Entries supplied section start
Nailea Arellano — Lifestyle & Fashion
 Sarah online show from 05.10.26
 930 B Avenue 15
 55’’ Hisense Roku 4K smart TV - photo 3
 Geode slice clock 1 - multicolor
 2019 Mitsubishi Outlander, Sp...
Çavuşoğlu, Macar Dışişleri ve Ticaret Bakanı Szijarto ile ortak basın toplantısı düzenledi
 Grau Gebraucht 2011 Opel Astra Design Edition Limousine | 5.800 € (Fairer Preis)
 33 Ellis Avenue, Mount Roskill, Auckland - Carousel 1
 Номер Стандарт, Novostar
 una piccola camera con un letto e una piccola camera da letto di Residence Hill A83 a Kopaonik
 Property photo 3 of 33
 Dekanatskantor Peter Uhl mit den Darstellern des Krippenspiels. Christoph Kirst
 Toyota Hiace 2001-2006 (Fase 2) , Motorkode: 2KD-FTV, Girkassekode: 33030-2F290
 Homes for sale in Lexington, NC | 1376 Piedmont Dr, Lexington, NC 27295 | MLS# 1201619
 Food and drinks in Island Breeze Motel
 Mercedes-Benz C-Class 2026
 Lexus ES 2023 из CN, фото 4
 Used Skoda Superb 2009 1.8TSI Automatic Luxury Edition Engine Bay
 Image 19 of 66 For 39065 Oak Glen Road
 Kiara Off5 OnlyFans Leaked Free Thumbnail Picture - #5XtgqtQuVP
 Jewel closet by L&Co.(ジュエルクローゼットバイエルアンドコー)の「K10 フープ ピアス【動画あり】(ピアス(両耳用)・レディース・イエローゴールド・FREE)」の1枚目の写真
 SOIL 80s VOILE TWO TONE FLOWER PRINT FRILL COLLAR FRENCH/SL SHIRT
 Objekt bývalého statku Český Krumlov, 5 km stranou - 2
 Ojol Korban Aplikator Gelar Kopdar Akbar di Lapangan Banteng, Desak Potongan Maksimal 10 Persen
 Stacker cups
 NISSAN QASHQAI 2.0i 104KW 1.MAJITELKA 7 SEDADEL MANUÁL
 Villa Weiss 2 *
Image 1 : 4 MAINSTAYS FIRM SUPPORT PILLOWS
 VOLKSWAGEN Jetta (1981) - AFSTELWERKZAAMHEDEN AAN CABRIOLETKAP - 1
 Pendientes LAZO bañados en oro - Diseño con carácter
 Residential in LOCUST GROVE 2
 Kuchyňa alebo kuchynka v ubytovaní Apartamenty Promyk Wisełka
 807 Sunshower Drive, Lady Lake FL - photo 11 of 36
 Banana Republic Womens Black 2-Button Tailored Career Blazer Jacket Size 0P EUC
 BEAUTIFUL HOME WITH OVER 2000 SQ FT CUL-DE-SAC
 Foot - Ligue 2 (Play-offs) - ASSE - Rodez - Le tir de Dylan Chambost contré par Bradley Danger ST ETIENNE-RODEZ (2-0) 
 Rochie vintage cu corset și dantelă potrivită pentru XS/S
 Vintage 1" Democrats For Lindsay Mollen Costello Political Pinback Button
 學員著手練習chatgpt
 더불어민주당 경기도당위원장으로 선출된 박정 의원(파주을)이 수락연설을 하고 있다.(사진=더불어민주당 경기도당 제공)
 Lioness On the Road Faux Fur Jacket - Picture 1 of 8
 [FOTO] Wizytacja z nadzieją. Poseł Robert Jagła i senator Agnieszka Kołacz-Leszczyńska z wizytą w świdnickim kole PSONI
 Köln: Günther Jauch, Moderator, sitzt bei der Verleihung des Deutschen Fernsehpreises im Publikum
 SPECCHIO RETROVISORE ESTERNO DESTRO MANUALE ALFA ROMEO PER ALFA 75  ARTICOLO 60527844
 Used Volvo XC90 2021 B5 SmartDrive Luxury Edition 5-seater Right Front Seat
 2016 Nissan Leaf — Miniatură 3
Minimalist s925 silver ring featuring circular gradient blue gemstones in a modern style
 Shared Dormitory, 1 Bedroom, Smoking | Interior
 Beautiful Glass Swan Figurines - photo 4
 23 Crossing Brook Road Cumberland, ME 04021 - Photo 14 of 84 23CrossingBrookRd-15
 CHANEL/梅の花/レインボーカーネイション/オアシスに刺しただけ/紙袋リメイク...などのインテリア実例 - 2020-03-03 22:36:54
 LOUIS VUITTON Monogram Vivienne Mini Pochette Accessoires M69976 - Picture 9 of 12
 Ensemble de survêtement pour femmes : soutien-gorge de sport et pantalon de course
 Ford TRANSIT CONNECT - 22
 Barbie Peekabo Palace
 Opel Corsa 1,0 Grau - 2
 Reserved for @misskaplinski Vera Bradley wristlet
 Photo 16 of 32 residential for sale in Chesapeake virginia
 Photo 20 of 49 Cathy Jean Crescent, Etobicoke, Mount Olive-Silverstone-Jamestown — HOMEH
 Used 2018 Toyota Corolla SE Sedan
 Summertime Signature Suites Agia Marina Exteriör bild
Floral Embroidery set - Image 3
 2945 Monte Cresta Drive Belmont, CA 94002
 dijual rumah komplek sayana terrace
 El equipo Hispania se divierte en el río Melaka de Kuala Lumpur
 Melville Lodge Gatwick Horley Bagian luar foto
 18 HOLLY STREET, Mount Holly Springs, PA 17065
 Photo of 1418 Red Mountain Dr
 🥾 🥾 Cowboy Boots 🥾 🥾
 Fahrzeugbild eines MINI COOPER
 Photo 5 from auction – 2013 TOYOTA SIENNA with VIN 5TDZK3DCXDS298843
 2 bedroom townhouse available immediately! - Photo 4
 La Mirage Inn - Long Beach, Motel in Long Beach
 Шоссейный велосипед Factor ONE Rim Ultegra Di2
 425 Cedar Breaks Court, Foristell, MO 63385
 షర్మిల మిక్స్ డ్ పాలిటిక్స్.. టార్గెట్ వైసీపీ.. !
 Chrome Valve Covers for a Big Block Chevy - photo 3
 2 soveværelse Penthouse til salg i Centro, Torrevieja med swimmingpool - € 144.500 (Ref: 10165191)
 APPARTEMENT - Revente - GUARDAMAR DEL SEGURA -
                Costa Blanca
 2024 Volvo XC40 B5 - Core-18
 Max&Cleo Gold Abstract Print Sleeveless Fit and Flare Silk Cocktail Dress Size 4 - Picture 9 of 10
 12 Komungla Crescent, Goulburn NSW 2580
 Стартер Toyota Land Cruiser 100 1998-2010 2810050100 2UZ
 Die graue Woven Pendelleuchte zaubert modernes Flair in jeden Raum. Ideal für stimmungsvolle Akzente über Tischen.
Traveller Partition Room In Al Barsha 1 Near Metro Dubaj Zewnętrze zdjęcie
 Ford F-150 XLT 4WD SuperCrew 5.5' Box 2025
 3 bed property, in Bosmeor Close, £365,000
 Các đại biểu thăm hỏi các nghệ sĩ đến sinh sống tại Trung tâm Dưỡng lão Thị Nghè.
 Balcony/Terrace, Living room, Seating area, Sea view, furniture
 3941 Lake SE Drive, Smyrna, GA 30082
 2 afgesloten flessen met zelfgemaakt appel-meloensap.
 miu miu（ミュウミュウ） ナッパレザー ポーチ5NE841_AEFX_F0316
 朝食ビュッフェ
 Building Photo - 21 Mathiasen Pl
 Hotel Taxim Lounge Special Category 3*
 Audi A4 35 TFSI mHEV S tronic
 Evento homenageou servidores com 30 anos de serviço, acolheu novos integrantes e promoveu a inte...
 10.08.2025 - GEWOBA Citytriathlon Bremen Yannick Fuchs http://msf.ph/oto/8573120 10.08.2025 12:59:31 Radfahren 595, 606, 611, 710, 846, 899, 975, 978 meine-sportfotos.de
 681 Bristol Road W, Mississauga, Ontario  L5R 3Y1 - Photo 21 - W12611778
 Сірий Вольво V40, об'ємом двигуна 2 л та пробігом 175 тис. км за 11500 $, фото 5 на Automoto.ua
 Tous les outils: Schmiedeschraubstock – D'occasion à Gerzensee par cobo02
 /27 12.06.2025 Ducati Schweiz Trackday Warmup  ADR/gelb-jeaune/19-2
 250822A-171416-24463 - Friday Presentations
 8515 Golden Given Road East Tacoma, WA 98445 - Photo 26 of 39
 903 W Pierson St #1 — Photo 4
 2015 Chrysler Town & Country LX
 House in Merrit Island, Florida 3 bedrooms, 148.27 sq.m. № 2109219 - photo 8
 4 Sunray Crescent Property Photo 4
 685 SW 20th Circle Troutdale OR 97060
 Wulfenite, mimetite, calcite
Entries supplied section end
What you return should be exactly the lines above, starting at the one with "250822A-171416-24463 - Friday Presentations" and ending at the one with "House in Merrit", and nothing else.

 250822A-171416-24463 - Friday Presentations
 8515 Golden Given Road East Tacoma, WA 98445 - Photo 26 of 39
 903 W Pierson St #1 — Photo 4
 2015 Chrysler Town & Country LX
 House in Merrit Island, Florida 3 bedrooms, 148.27 sq.m. № 2109219 - photo 8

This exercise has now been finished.